Wednesday 24 December 2014

100 Buildings, 100 Years: Views of British Architecture Since 1914

ROYAL ACADEMY OF ARTS, BURLINGTON HOUSE,
PICCADILLY  LONDON  W1J 0BD
11th Oct 2014 - 1st Feb 2015

Organised in conjunction with the Twentieth Century Society, this exhibition showcases the extraordinary and often surprising variety of the last hundred years of British architecture.   The Society’s supporters have selected one building for each year since 1914.   

Three of the exhibits could be said to have a connection with the Progress Estate.   First, and most obviously, is the entry for 1915 – a house in Well Hall Road.   ‘Well Hall Estate’ was the Progress Estate’s original name.   Although the architect is described as Frank Baines it was, strictly speaking, HM Office of Works where he was the Principal Architect.

The second connection results from the by-now knighted Sir Frank Baines, when he asked Sir Edward Lutyens to design a monument commemorating those who had died on active service during the Great War.   Lutyens sketched it 1 whilst at dinner with his close friend Lady Sackville .   She added the annotation:

The catafalky as it will appear in Whitehall if Lord Curzon finally agrees to it.

Sir F. Baines of the Office or Works asked Mcned to design it for them, as they were quite at a loss to know what to do.

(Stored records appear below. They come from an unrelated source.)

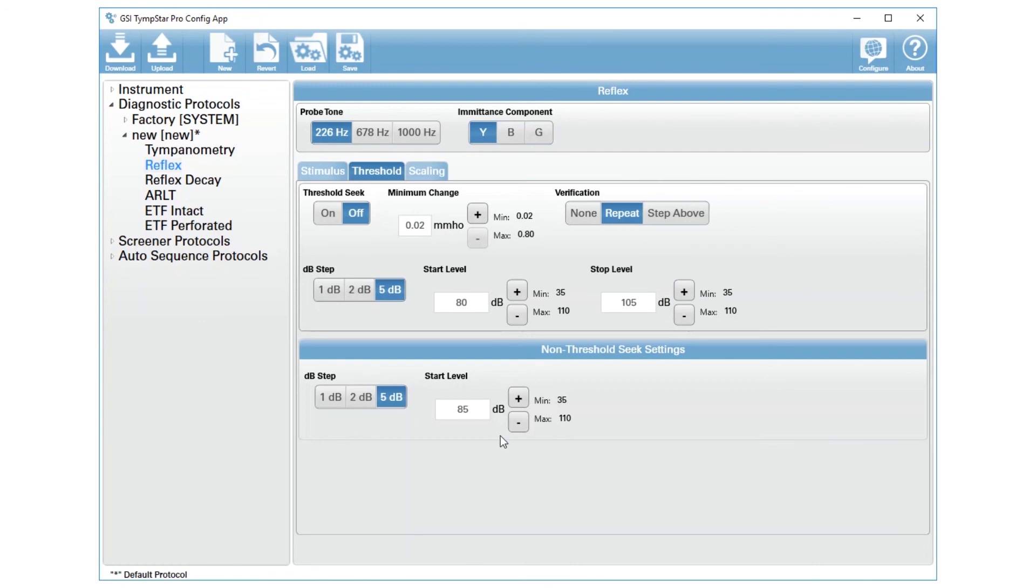When you have these selected, you can go through and make other changes to this protocol. If you're done, you can press download. That will send this protocol back into your TempStar Pro. Simply press Data Erase Clear Session and the new settings will be applied.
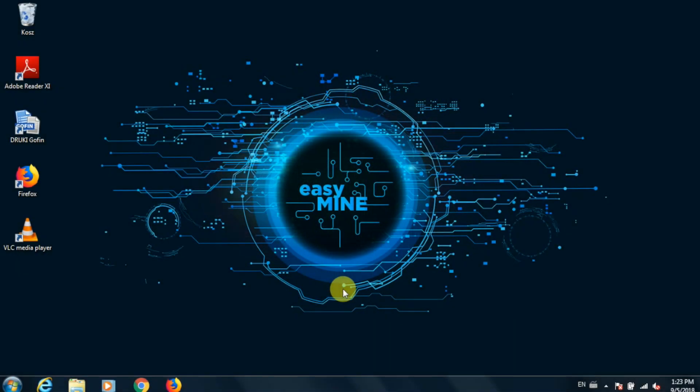Hello and welcome to the EasyMine tutorial video. Today we're going to be taking a quick look at how to set up a new EasyMine account and also how to create a bootable flash drive with the EasyMine operating system. So let's get started.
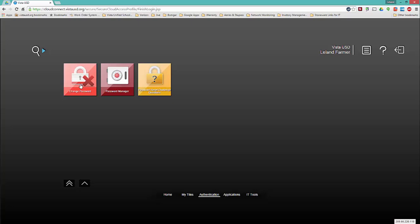That will bring you to the authentication workspace where you will see a yellow icon with a lock and a question mark titled Password Reset Challenge Questions. Click that.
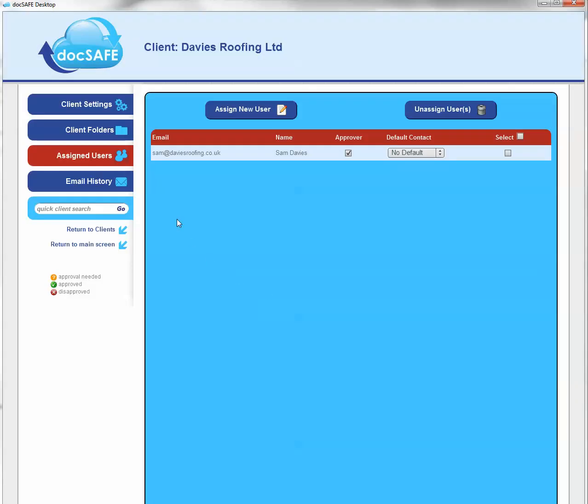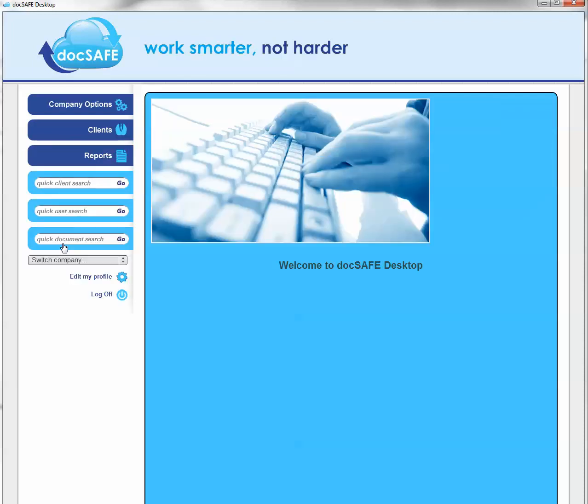So what we've got now is an account called Davis Roofing for the limited company, and we've assigned Sam to Davis Roofing Limited. That's the end of setting up Davis Roofing, and Sam can now log in and access whatever is in Davis Roofing.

‘Catafalky’ is a phonetic spelling of the French word catafalque, a raised bier, box or platform used to support a coffin during a memorial service.   In due course it was decided to call the monument the Cenotaph, derived from the Greek κενοτάφιον.   The first syllable, kenos means ‘empty’ and the second, taphos, ‘tomb’.


McNed was Lady Sackville’s pet name for Lutyens and the nickname by which he was universally known.   In return, she was known as MacSack 2.   

The third connection is the entry for Sainsbury’s Eco-store, the superstore off the Blackwell Tunnel approach road near the Greenwich Dome, if only because many of we residents will shop there occasionally. 

For further information or to visit the exhibition, please see - https://www.royalacademy.org.uk/exhibition/100-buildings-100-years


1 The sketch is in the possession of the Imperial War Museum and was photographed at the exhibition We Will Remember Them: London’s Great War Memorials, The Quadriga Gallery, Wellington Arch, London, 16th July to 30th November, 2014.   
2 Tim Skelton and Gerald Glidd, Lutyens and the Great War, Francis Lincoln Ltd, London 2008, p45.